Instructions for the task: What you return must match the listing below exactly, minus any pictures.

*** Opening Available data ***

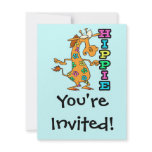 cute hippie flowers giraffe cartoon character personalized invitations
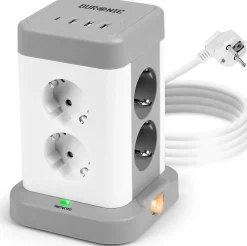 Duronic Multiprise-ET8C Tour multiprise 8 prises 3680W 13A 3x USB-A 1x USB-C Câble 1,8m protection Parasurtenseur protection surtension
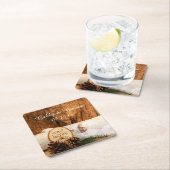 Rustic Birch Tree and Barn Wood Wedding Kartonnen Onderzetters (Insitu)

*** Closing Available data ***

Exercise result:
 cute hippie flowers giraffe cartoon character personalized invitations
 Duronic Multiprise-ET8C Tour multiprise 8 prises 3680W 13A 3x USB-A 1x USB-C Câble 1,8m protection Parasurtenseur protection surtension
 Rustic Birch Tree and Barn Wood Wedding Kartonnen Onderzetters (Insitu)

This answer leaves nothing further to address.